こないだ結婚したばかりで仲良くやっているのかと思ってたのに一体何があったんだ。
「はぁ!? 嘘でしょ、君たちが喧嘩って何があったのさ!?」
僕の部屋に通して訳を聞いてみれば、ジルベルトは事の発端について話しだした。
「バレンタインでどちらがチョコレートを作るかで揉めまして……」
「は??」
言っていることの意味がわからない。
まず最初にバレンタインって何?
話はそこからだと、話しの根幹になっているであろうバレンタインについて聞いてみることにする。
「ちょっと待った! まずさ、バレンタインって何なの?」
「ああ、そうでしたね。バレンタインというのは、アリーシャが読んでいた恋愛小説に出てくる好きな人にチョコレートを贈る日のことで」
それを聞いた瞬間、「あ、これ大したことないやつだ」と思った。
ジルベルトとアリーシャ嬢は体を共有していた時に、恋愛小説を読んで感想を言い合うということをしていたらしい。
その習慣は今も続いているようで、今回の喧嘩のきっかけもその本の感想について話していた時のことだという。
喧嘩と聞いてびっくりしたけど、たぶんこれ痴話喧嘩ってやつだ。
とりあえず続きを聞いてみようとジルベルトの話を促してみる。
経緯はこうだ。
本の中でバレンタインデーという日にヒロインがヒーローに手作りのチョコレートを渡すという描写があって、それにいたく共感したアリーシャが自分もジルベルトにチョコレートを作りたいと言い出したそうだ。

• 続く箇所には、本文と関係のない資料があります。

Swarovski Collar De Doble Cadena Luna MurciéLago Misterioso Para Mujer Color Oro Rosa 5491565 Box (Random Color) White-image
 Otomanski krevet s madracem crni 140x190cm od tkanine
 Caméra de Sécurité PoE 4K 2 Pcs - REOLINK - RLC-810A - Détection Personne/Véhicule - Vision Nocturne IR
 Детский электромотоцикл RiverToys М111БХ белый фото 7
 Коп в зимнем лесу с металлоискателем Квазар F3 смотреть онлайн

で、ジルベルトは包丁もろくに扱ったことのないアリーシャを心配して、そんな危ないことをさせるくらいなら自分が作ると言い出し……どちらが作るかで言い合いに発展したと。
なるほど、なんとなくアリーシャ嬢が怒った理由がわかってきた。これに関してはジルベルトに非があるように思えた。
「せっかくアリーシャ嬢が作ってくれるって言ったんだろ? 素直にもらっておけばよくない? 前に刺繍のハンカチもらった時はめちゃくちゃ喜んでたじゃないか」
「それはそうなのですが……実は以前にも料理を作ってくれようとしたことがあって、包丁で指を切るどころか切り落としそうになっていたんですよ!?」
ジルベルトがその時のことを思い出して顔を青ざめさせた。
そういえば、アリーシャ嬢はなかなかの不器用さんだと聞いたことがあったような気がする。
ジルベルトの心配もわからなくはないけど、ちょっと過保護なんじゃないかなとも思う。それにこう言ってはなんだけど、ジルベルトだって料理なんてしたことないだろうから五十歩百歩だと思うんだよね…………まぁ、ジルベルトのことだから何でもそつなくこなしそうだけど。
たぶん放っておいても勝手に仲直りできそうだけど、どうしたもんかな。
そんなことを思っていると、僕たちのテーブルに向かってふわふわと本が飛んできた。
『お菓子の基本』と書かれたタイトルの本は、僕たちのテーブルに舞い降りると風もないのにパラパラとページが捲られた。
どうやら僕たちの話を聞いて、屋敷の中を徘徊しているご先祖様が参考になりそうな本を持ってきてくれたらしい。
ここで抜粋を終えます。